使用 sed 在文本文件中查找匹配项和创建新行时出错

Question

I have this text in a file

random text 1.- random text 2. random text 3.- random 22 text 4. random text

I want to create a new line before each number followed by a dot. This is my code:

for number in {1..4}
do
var=$(sed -n "s/.*\([^0-9]$number\.[^0-9]\).*/\1/p" file)
echo $var
sed -i "s/$var/\n$var/g" file 
done

This is the result I get:

random text
 1.- random text
 2. random text
 3.- random
 2. text
 4. random text

I do not understand why it creates a new line before the number 22 if there is no dot. The expected result would be this:

random text
1.- random text
2. random text
3.- random 22 text
4. random text

Could someone help me and explain where my mistake is? Thank you very much

Answer 1

When number=2 you get var=' 2.'

This gets fed into the last sed command as / 2./\n 2./g where the first 2. says to match a literal 2 with any other single character ( . ) which is why it ends up matching on 22 . Then to confuse ya a bit more, the \n 2. says to insert the literal 2. hence the 22 is replaced with 2. .

Consider:

$ echo '22' | sed 's/2./2./'
2.

One quick-fix for the current code is to use parameter substitution to add a backslash to escape the . in $var :

for number in {1..4}
do
    var=$(sed -n "s/.*\([^0-9]$number\.[^0-9]\).*/\1/p" file)
    var="${var/./\\.}"      # replace "." with "\."
    echo $var
    sed -i "s/$var/\n$var/g" file
done

$ cat file
random text
 1.- random text
 2. random text
 3.- random 22 text
 4. random text

The leading space is your match of the first [^0-9] in the first sed command and since it's inside the parens it's considered part of the capture group and thus gets included in the \1 reference.
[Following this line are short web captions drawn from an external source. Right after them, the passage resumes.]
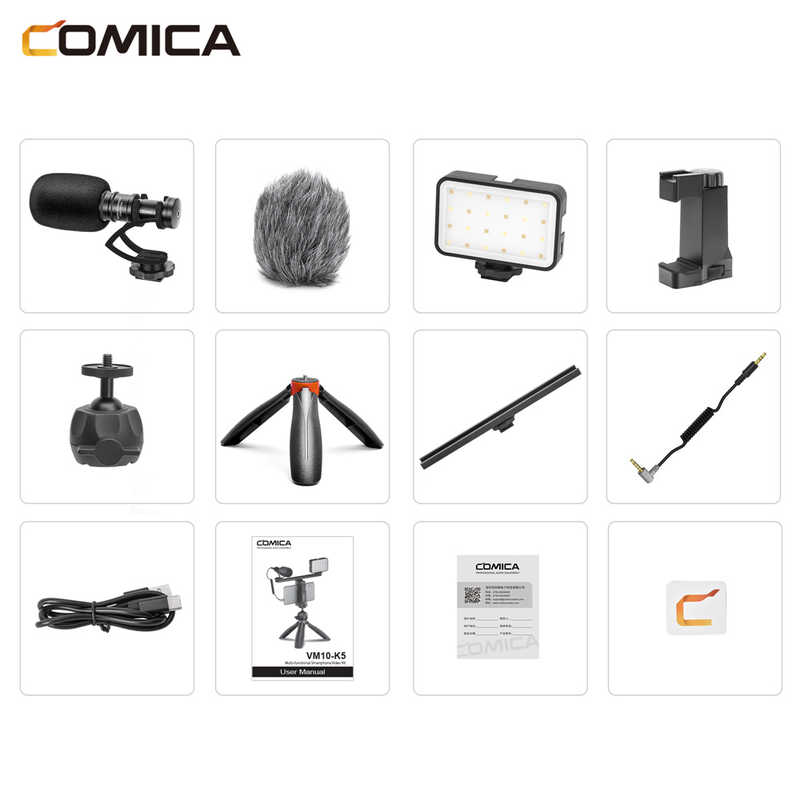 COMICA COMICA スマートフォンビデオマイクキット CVM-VM10-K5 CVM-VM10-K5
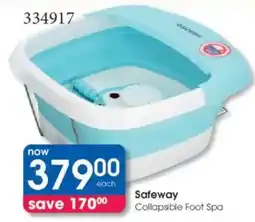Clicks Safeway Collapsible Foot Spa offer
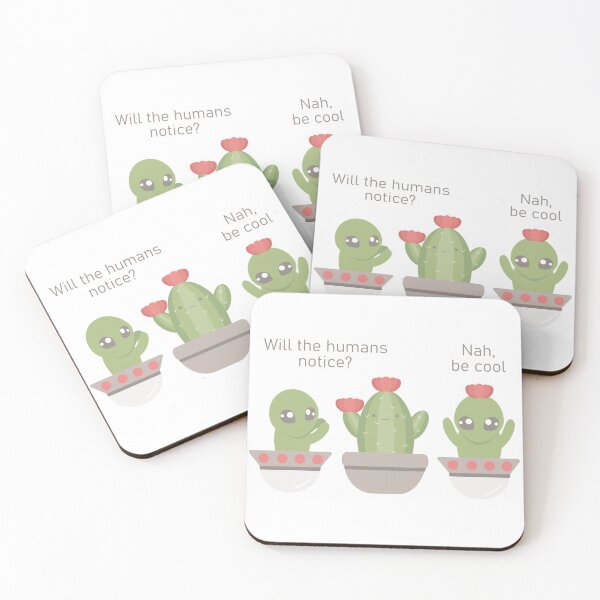 Item preview, Alien Invasion: Disguising as Succulents designed and sold by KobiusDesigns.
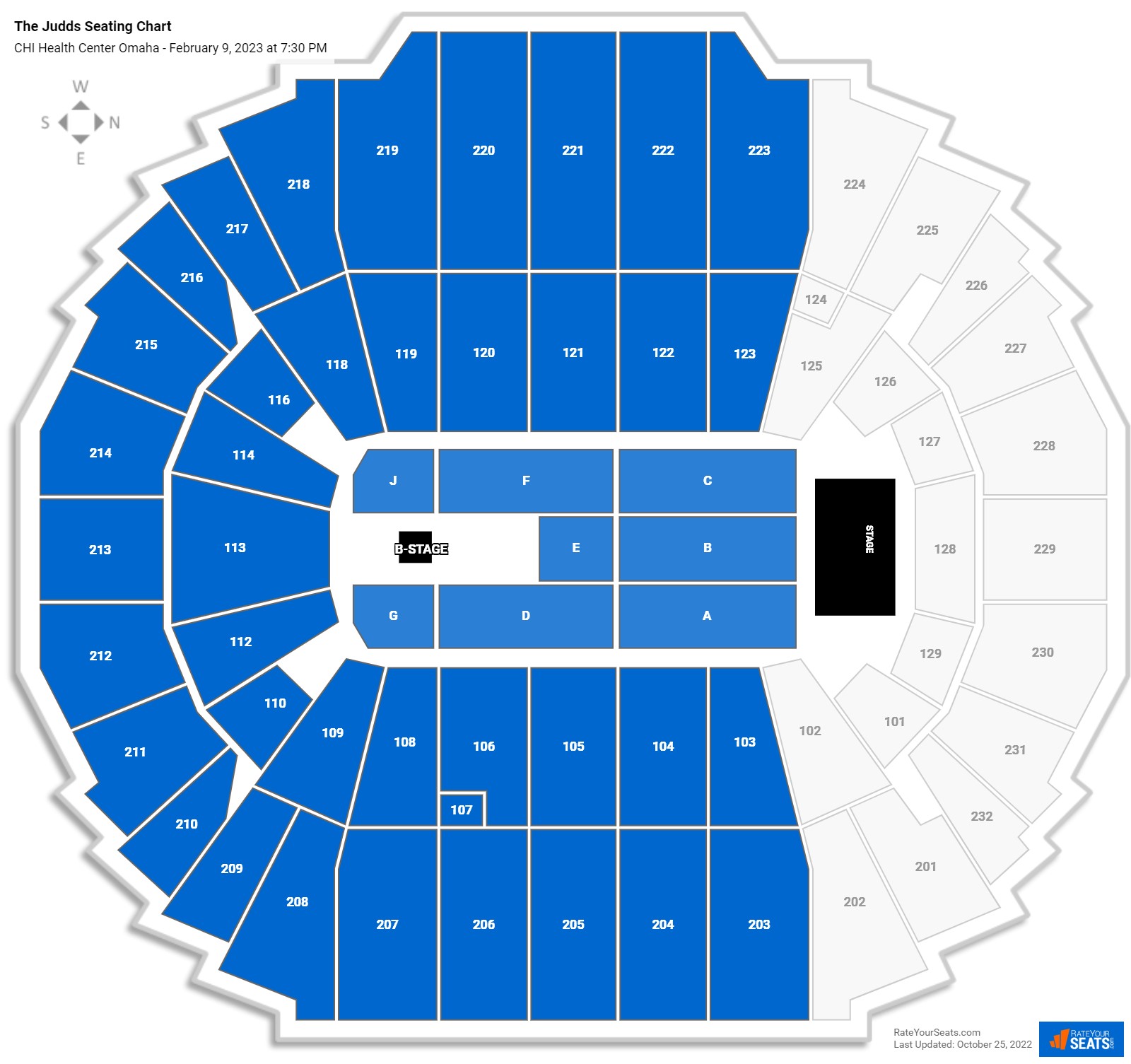 CHI Health Center Omaha Concert Seating Chart - RateYourSeats.com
Try moving the left paren to the right by one character, eg:

for number in {1..4}
do
    # replace this:
    #var=$(sed -n "s/.*\([^0-9]$number\.[^0-9]\).*/\1/p" file)

    # with this:
    var=$(sed -n "s/.*[^0-9]\($number\.[^0-9]\).*/\1/p" file)

    var="${var/./\\.}"
    echo $var
    sed -i "s/[[:space:]]*$var/\n$var/g" file
done

NOTE: I've added the [[:space:]]* to match on any white space before $var ; the replacement ( \n$var ) will effectively remove said white space from the end of what will now be the line-before $var .

The results:

$ cat file
random text
1.- random text
2. random text
3.- random 22 text
4. random text

Answer 2

I'd write it using a single sed command:

sed 's/ \([0-9][0-9]*\.\)/\
\1/g' file

Answer 3

Using sed in a single pass

$ sed -i.bak 's/[0-9]*\.[^0-9]*/\n&/g' file
random text
1.- random text
2. random text
3.- random 22 text
4. random text